Welcome back to the STEM Classroom Management Blog Series! If you missed anything we’ve covered so far on disruptive group dynamics during STEM time — from the Takeover Teammate to the Apathetic Student, you can catch up here.
For the next several posts, we’re looking at more subtle behaviors that still impact collaboration, engagement, and progress.
Let’s dive in!
Meet the Perfectionist
You probably know this student. Their paper is never quite neat enough. They erase and rewrite over and over. They won’t test a design because it’s “not ready.”
During STEM challenges, they might:
- Spend the entire planning period sketching (and re-sketching)
- Refuse to build until they feel totally certain
- Shut down emotionally if the design fails
- Fixate on small imperfections instead of the big picture
They aren’t trying to be difficult. They’re trying to protect themselves—from failure, from judgment, from not getting it “right.”
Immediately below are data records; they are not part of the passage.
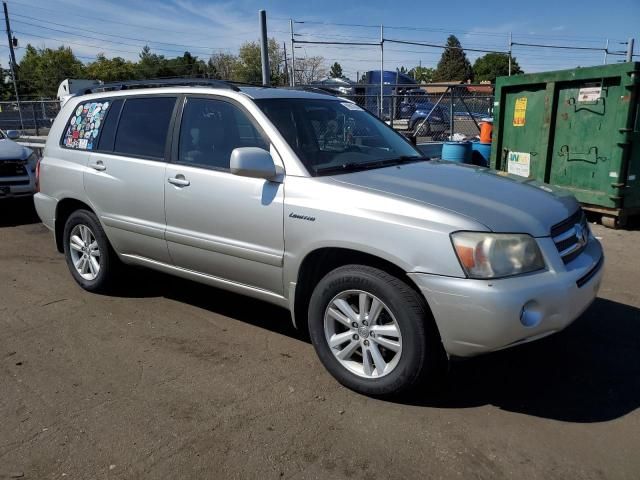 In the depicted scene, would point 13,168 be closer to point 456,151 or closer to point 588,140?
point 456,151

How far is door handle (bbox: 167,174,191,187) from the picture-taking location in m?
3.86

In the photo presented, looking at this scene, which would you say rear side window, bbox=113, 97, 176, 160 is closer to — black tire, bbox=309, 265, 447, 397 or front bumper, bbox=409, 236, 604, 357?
black tire, bbox=309, 265, 447, 397

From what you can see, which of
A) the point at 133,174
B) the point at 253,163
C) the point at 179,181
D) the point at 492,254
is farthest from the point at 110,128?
the point at 492,254

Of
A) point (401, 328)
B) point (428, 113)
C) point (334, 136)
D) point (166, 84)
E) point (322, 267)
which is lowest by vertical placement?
point (401, 328)

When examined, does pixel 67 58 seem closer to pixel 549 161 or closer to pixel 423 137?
pixel 423 137

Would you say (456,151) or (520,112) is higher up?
(520,112)

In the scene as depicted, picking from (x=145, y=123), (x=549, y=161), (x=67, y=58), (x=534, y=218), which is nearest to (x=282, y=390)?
(x=534, y=218)

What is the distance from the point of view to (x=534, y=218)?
2943 mm

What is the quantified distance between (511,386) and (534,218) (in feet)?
3.49

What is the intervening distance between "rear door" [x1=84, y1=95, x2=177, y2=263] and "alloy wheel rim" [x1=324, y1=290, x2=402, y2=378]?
164 cm

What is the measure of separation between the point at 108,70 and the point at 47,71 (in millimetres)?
7934

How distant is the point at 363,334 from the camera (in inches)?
123

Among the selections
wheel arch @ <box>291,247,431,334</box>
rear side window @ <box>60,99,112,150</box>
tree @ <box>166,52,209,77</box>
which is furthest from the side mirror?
tree @ <box>166,52,209,77</box>

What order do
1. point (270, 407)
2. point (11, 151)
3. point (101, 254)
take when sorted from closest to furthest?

But the goal of STEM isn’t perfection. It’s progress. It’s risk-taking. It’s iteration. And if we don’t help our perfectionists adapt, they’ll miss out on the joy and growth STEM can offer.
Why It Matters
Perfectionist behavior can:
- Slow or stall group progress
- Increase anxiety and emotional outbursts when things go wrong
- Hurt collaboration when teammates get frustrated waiting for progress
- Prevent iteration — which is essential to the engineering process
Our job isn’t to eliminate a student’s desire to do their best. It’s to help them redefine what “best” looks like in a creative, hands-on, problem-solving environment.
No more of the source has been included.